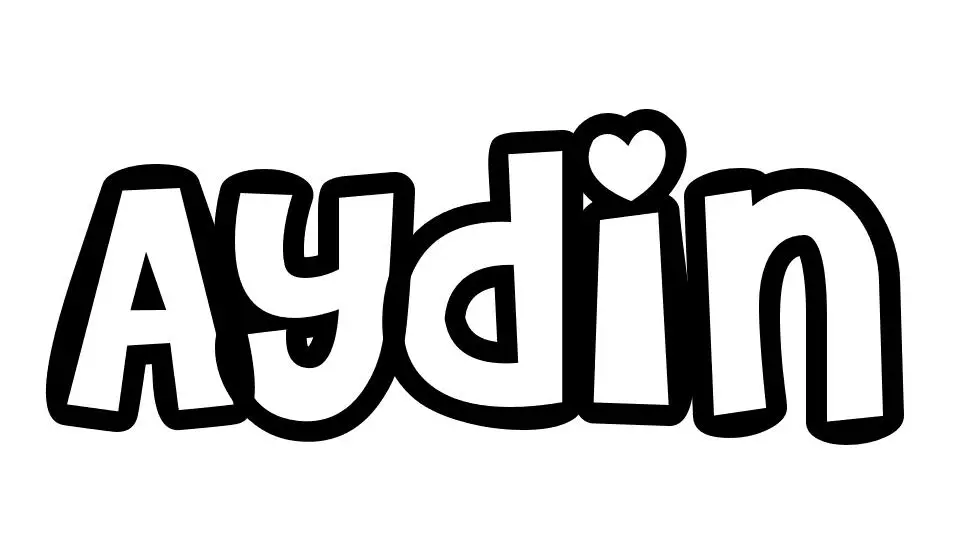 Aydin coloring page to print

....................

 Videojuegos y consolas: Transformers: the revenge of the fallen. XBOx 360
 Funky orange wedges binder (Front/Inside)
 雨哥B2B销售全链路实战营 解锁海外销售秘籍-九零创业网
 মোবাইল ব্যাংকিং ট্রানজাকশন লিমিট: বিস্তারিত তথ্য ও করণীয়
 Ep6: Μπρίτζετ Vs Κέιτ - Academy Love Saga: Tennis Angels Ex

....................

- [WHAT TO WORK ON]: Look above for the line with "雨哥B2B销售全链路实战营 解锁海外销售秘籍-九零创业网" and the line with "Ep6: Μπρίτζετ Vs"; transcribe both and all lines in between, exactly, and nothing else.

- [THE ANSWER]:
 雨哥B2B销售全链路实战营 解锁海外销售秘籍-九零创业网
 মোবাইল ব্যাংকিং ট্রানজাকশন লিমিট: বিস্তারিত তথ্য ও করণীয়
 Ep6: Μπρίτζετ Vs Κέιτ - Academy Love Saga: Tennis Angels Ex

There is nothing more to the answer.